2023年12月2日土曜日

大膳野南貝塚後期集落の盛衰と漆喰

 The rise and fall of the late Daizenno Minami Shell Mound settlement and its stuccorwork


The rise and fall of the late Daizenno Minami Shell Mound settlement and its relationship with stucco.

I organized QGIS into tools by time period. It started out as a non-fishing village in the Kasori E IV period, developed greatly as a fishing village in the Horinouchi I period, and ended as a non-fishing village in the Kasori B2 period.


大膳野南貝塚後期集落の盛衰と漆喰との関係をQGISをツールに時期別に整理しました。

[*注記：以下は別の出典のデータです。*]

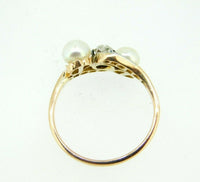 18k Yellow Gold Victorian Pearl and Diamond Ring (#J4487)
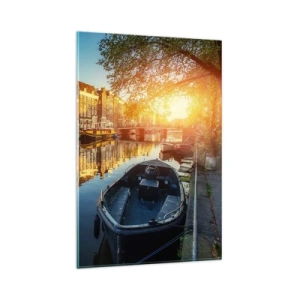 Üveg kép - Reggel Amszterdamban - 80x120 cm
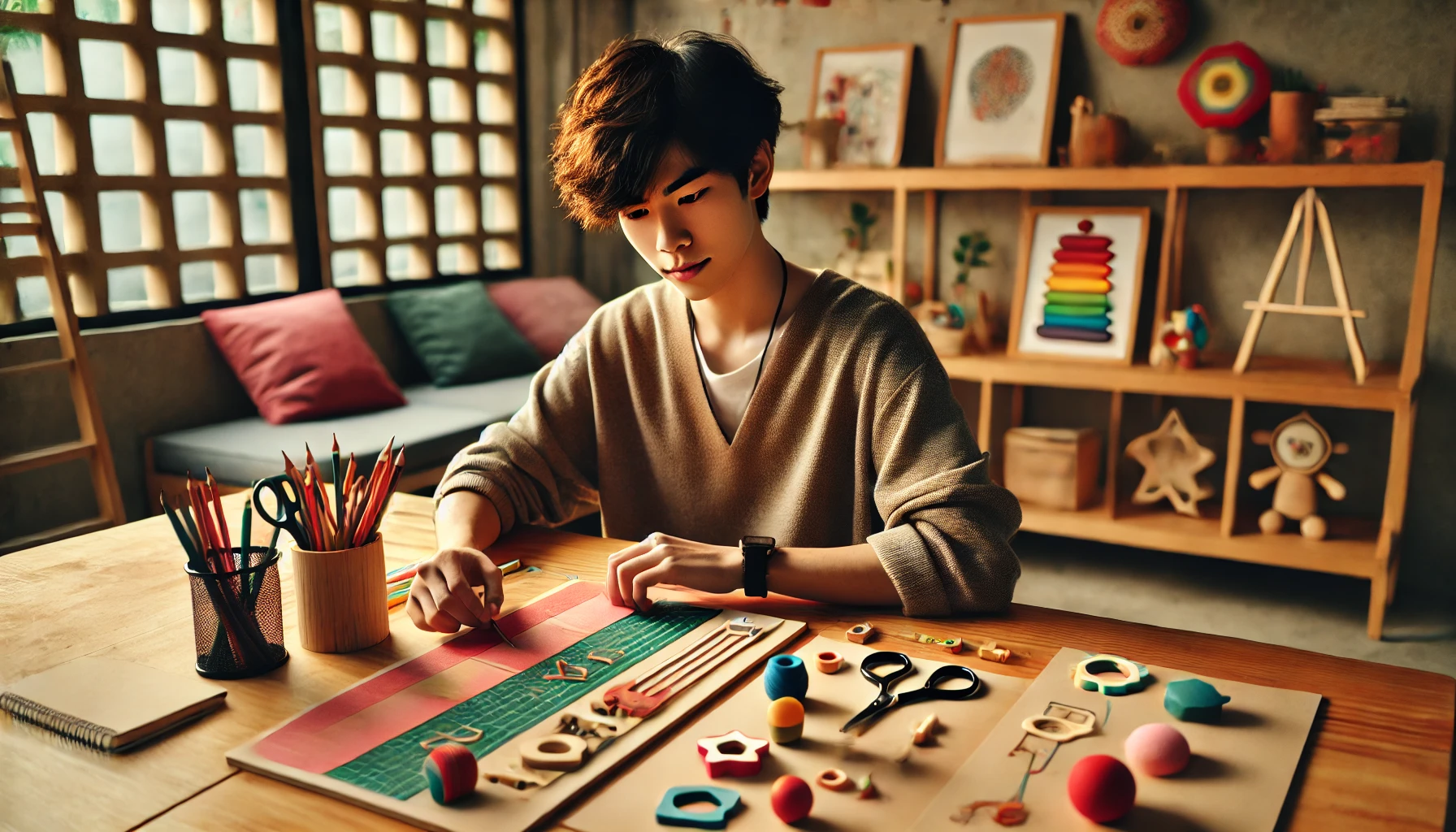 유아교육을 위한 교구를 설계 중인 고등학생의 모습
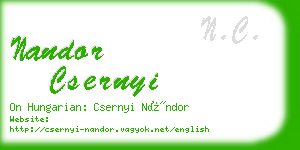 nandor csernyi business card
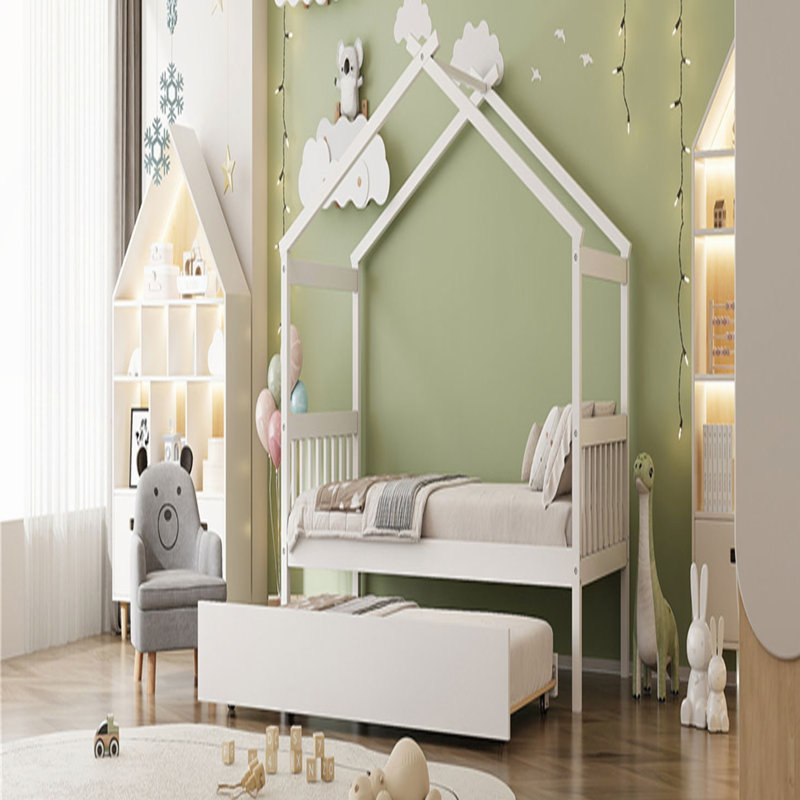 Lit simple en bois avec lit gigogne simple, blanc, Simple, Blanc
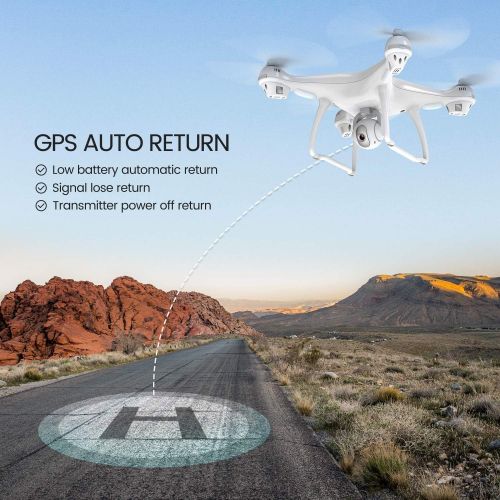  Potensic Dual GPS FPV RC Drone, 1080P Camera Live Video and GPS Return Home Quadcopter with WiFi Camera - Follow Me, Altitude Hold, 2500mAh Battery Long Control Range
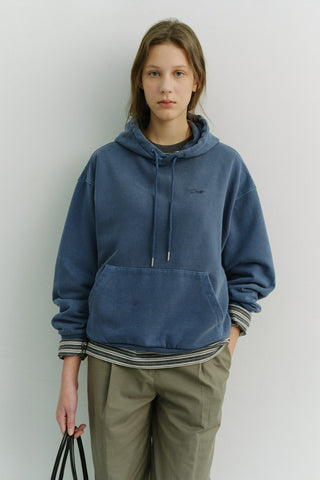 UNISEX GARMENT DYED HOODIE BLUE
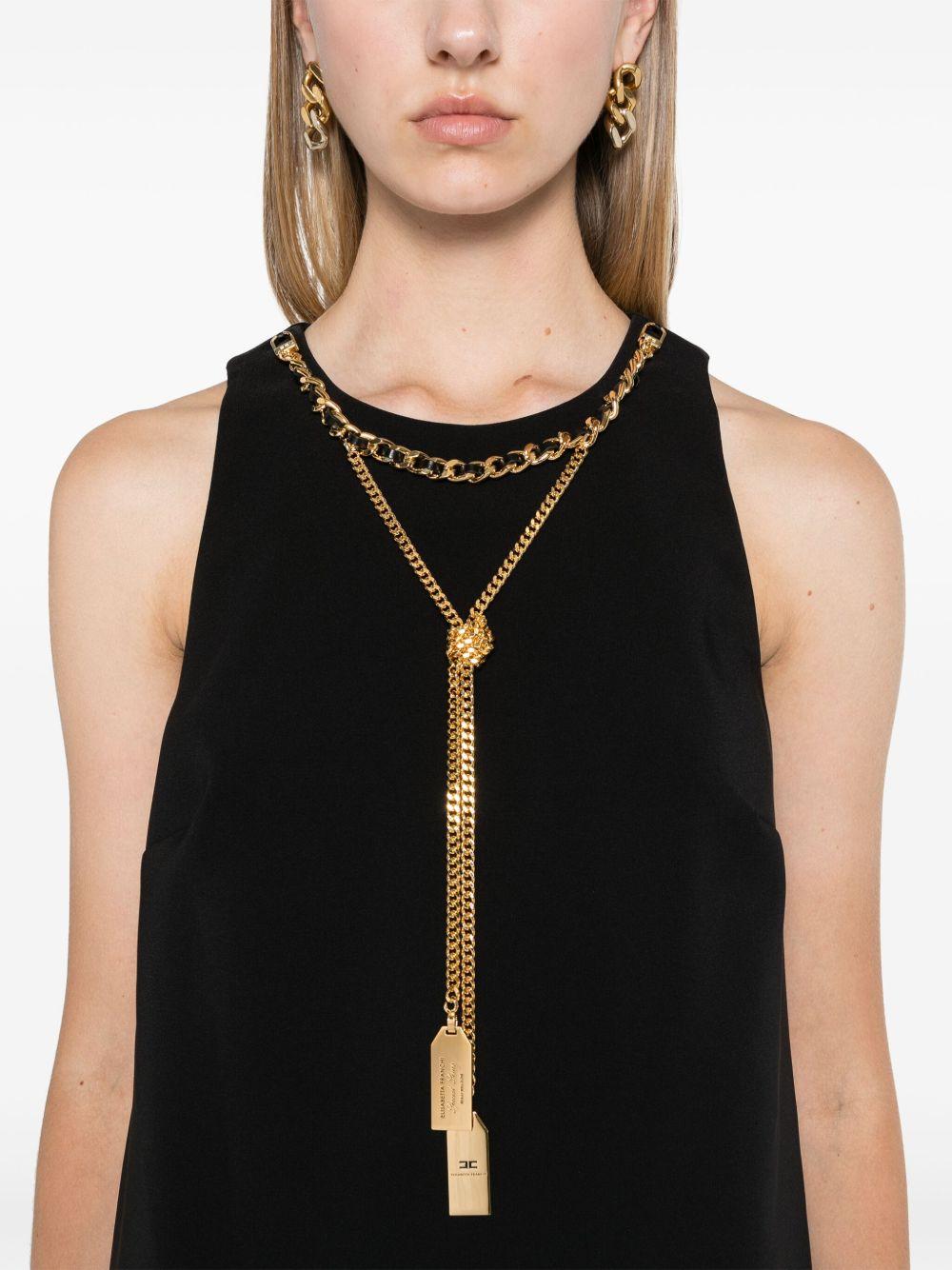 chain-link detail crepe mini dress Product Image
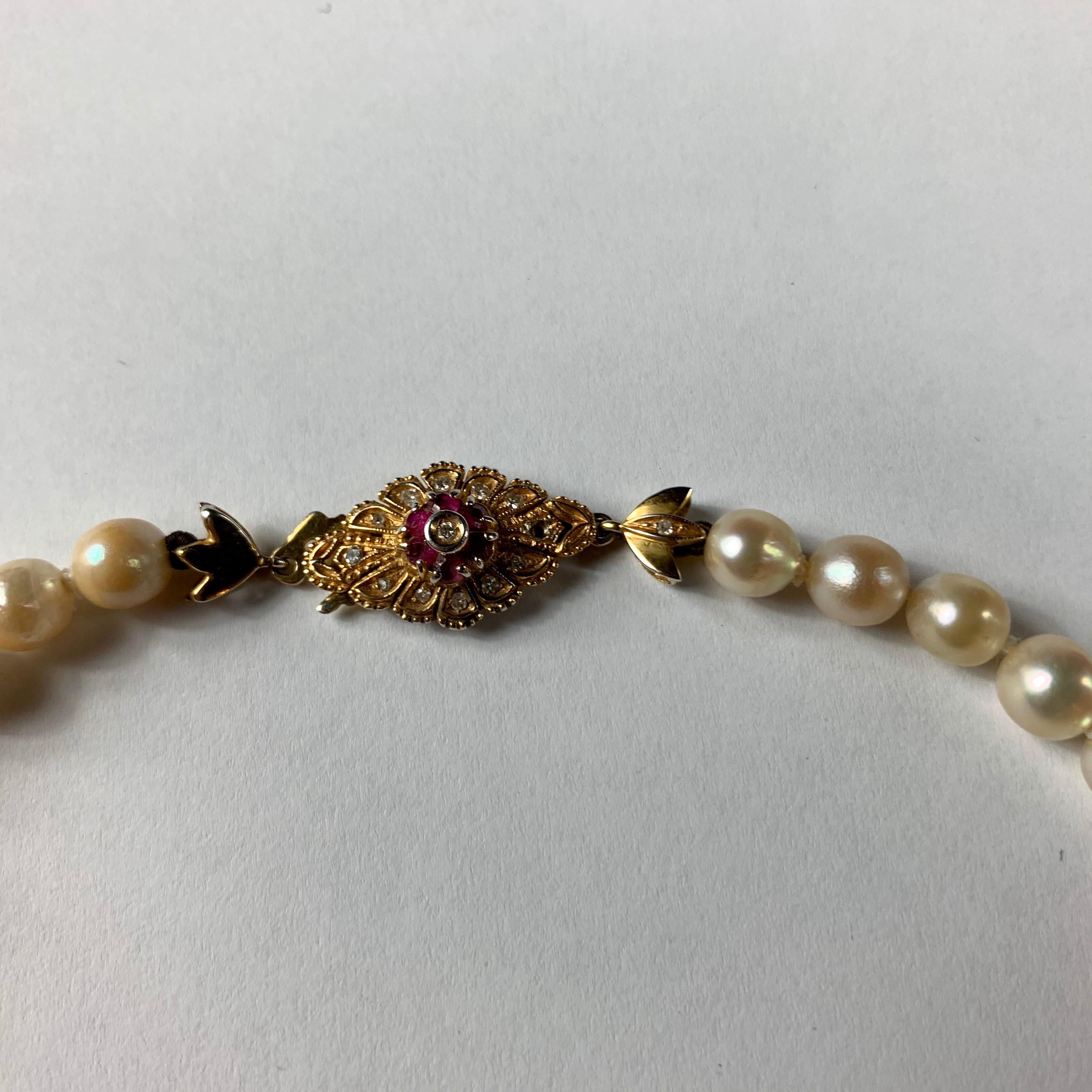 Cultured Pearl Necklace With Diamond Pave Ball For Sale 5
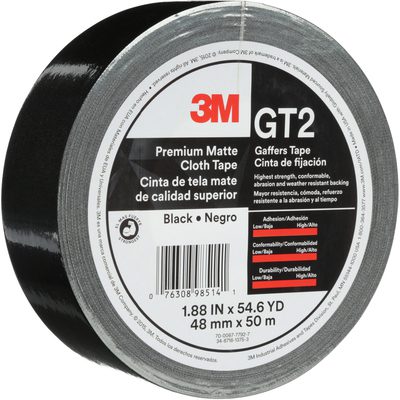 Black (3 Pack) 3M Premium Cloth Gaffers Tape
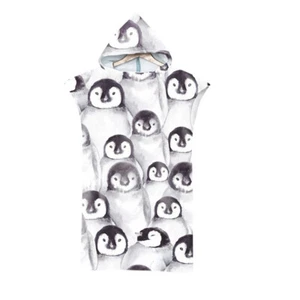 Sea Turtle Dolphin Whale Penguin Hooded Poncho Towel Swim Beach Changing Robe - Picture 1 of 36
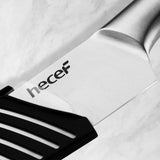hecef Premium Kitchen Knife Set of 5 - Chef, Bread, Santoku & Paring Knifes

加曽利EⅣ式期に非漁労集落として出発して、堀之内1式期に漁労集落として大発展し、加曽利B2式期には非漁労集落として終焉します。

1 時期別竪穴住居・土坑からみた大膳野南貝塚中期末~後期集落の盛衰

1-1 加曽利EⅣ式、加曽利E式Ⅳ式~称名寺式


加曽利EⅣ式、加曽利E式Ⅳ式~称名寺式

加曽利EⅣ式期、加曽利E式Ⅳ式~称名寺式期の竪穴住居から漆喰炉や漆喰貼床は検出されていません。貝層が検出される土坑があるので、漁労が全く行われていなかったとは言えませんが、漁労が生業の中でメインでなかったと言えます。

竪穴住居分布が散漫であり、その様子は中期大規模貝塚崩壊後の小集落分散居住の様子と整合します。

1-2 称名寺式、称名寺式~堀之内1式古


称名寺式、称名寺式~堀之内1式古

竪穴住居は全て漆喰が検出されます。竪穴住居の位置は北斜面貝層と南斜面貝層に存在していて、これらの竪穴住居は大膳野南貝塚後期漁労集落の始祖といえる家族が居住したものであると想定できます。

称名寺式期に大膳野南貝塚集落の漁労活動が軌道に乗り、豊かな海産物を入手加工する条件や技術が確立し、漆喰文化がスタートしました。

1-3 堀之内1式


堀之内1式

竪穴住居は急増します。集落は堀之内1式期がピークとなります。竪穴住居漆喰【有】と匹敵する数の竪穴住居漆喰【無】が伴います。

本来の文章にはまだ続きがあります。